O futebol como um fenômeno da cultura brasileira

As coisas só acontecem por acaso, necessidade ou vontade nossa! Epicuro - filósofo.

quinta-feira, 4 de setembro de 2008

Os verdes gramados quando de preto tingidos


Dedico este texto ao garoto Jose Mayta,
que torcia pelo Universitário do Peru,
seu time do coração, e morreu queimado
com um rojão durante uma partida do
campeonato peruano de futebol.


Posto que a vida é movimento, todos saibamos, o esporte de um modo geral – e o futebol em particular – existe para celebrar a vida. E não é outro o sentido que encerra a famosa sentença: mens sana in corpore sano. Todos os atletas de todas as modalidades esportivas formam, assim, uma espécie de arautos eloqüentes dessa máxima latina. Eles carregam em seus músculos a força e o sentido pulsante da afirmação vital. São a elocução peremptória – seja nas pistas de atletismo, nos ringues de boxe ou nos campos de futebol – da vitória, ainda que transitória, do instinto de vida sobre o instinto de morte.
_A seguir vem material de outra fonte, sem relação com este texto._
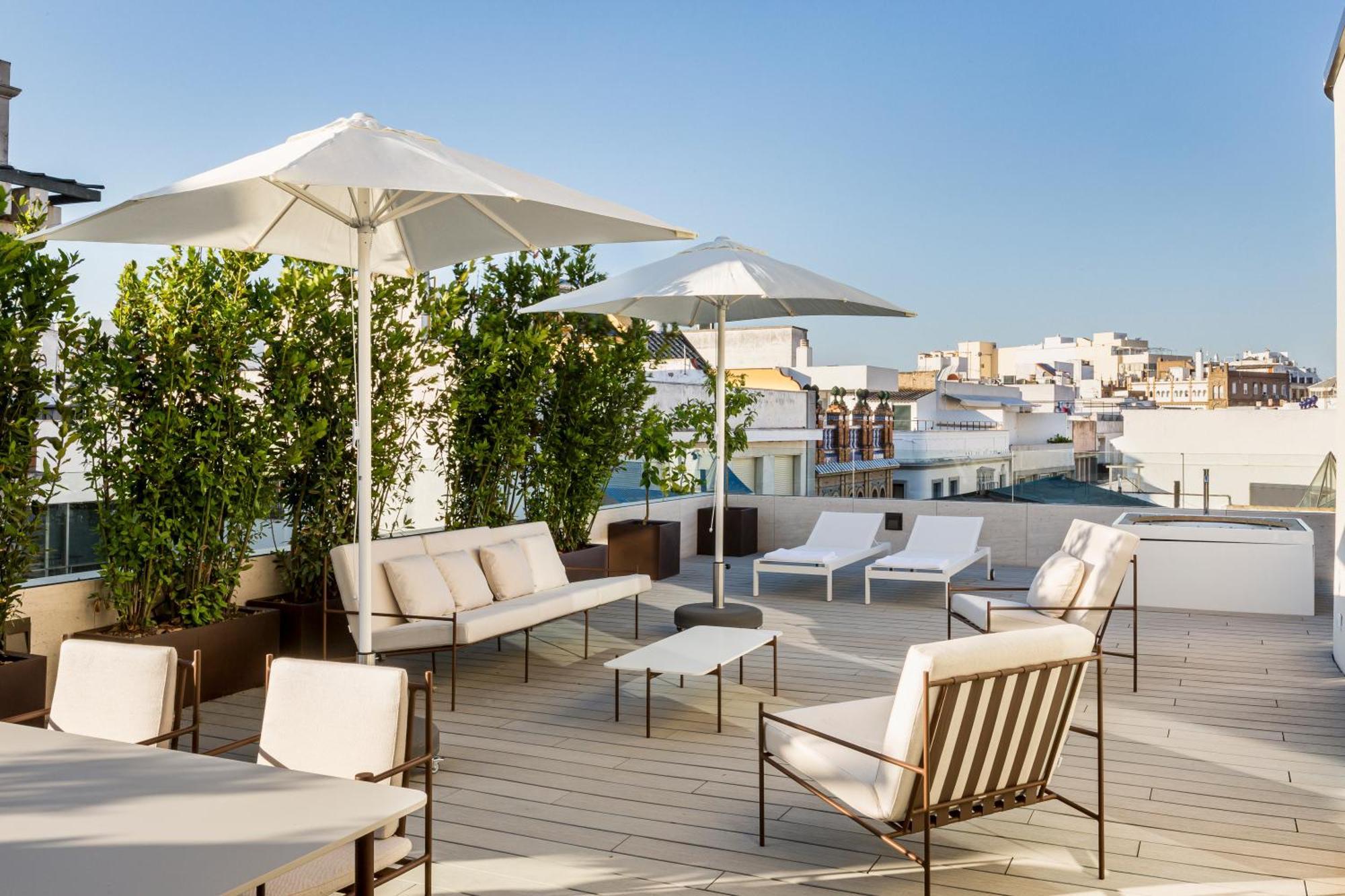 Suite Presidencial com Terraço e Banheira de Hidromassagem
Eros vencendo Thanatos, como explicaria Freud. Ocorre, porém, que o esporte é essencialmente humano. E sendo assim, não está incólume às vicissitudes contingentes da nossa condição.
Elaborei dessa maneira a introdução desta crônica de domingo após passar em revista – e esse é também o dever de um cronista – os fatos esportivos deste mês que na minha modesta avaliação tiveram relevância humana no seu permanente conteúdo de tristeza e de alegria, de comédia ou de tragédia.
Resultou, portanto, dessa minha avaliação aleatória e arbitrária dos fatos, uma convicção a que cheguei sem que quisesse: as coisas da morte, muita mais que as da vida, também no esporte, tocam mais profundo a alma do cronista. Refiro-me aqui a uma notícia que colhi num canto de página de jornal onde jazia quase esquecida: o suicídio do jovem atacante argentino de 21 anos do San Lorenzo, Mirko Saric, ocorrido no último dia 4 deste mês. Abdicando de viver, Saric inexplicavelmente enforcou-se com uma corda pendurada numa viga dentro da sua própria casa, no bairro de Flores, em Buenos Aires.
Mirko Saric havia estreado na primeira divisão do futebol argentino há apenas dois anos. Tinha disputado 41 partidas e marcado quatro gols. Quando resolveu se enforcar, estava se recuperando de uma forte lesão nos ligamentos cruzados do joelho, contusão que o vinha mantendo afastado da sua equipe nos últimos meses.
Como quase todos os suicidas, Saric não aparentava motivo para cometer o ato. Era jovem, bem parecido, muito assediado pelas mulheres, detentor de um bom contrato e atuava em um time de nível do futebol argentino. Consta, contudo, que era depressivo. O que teria, então, levado Saric a se matar? Seriam mesmo os tais inescrutáveis mistérios humanos?
Não para explicá-los, posto que inescrutáveis, mas para lançar luz neste inextricável campo das coisas humanas, foi que lancei mão de minhas gavetas de acontecimentos pretéritos. Nelas, encontrei fatos e relações possíveis entre eles. O passado explicando o presente, talvez. Encontrei também uma crônica de Nelson Rodrigues que discute o tema do suicídio e que, devido ao seu pungente apelo humano, merece transcrição nesta coluna, como uma homenagem ao maior dos cronistas esportivos do Brasil:
“Cada um de nós é um suicida frustrado. E se ainda não estouramos os miolos, ou não pendemos de uma forca, ou não tomamos formicida, é que nos salva, sempre, em cima da hora, a nossa incoercível pusilanimidade vital. Mas se cancelamos o nosso suicídio, admiramos e, mais do que isso, invejamos o alheio. Vejam Maneco, o ex-craque do América, que bebeu formicida na casa de um parente.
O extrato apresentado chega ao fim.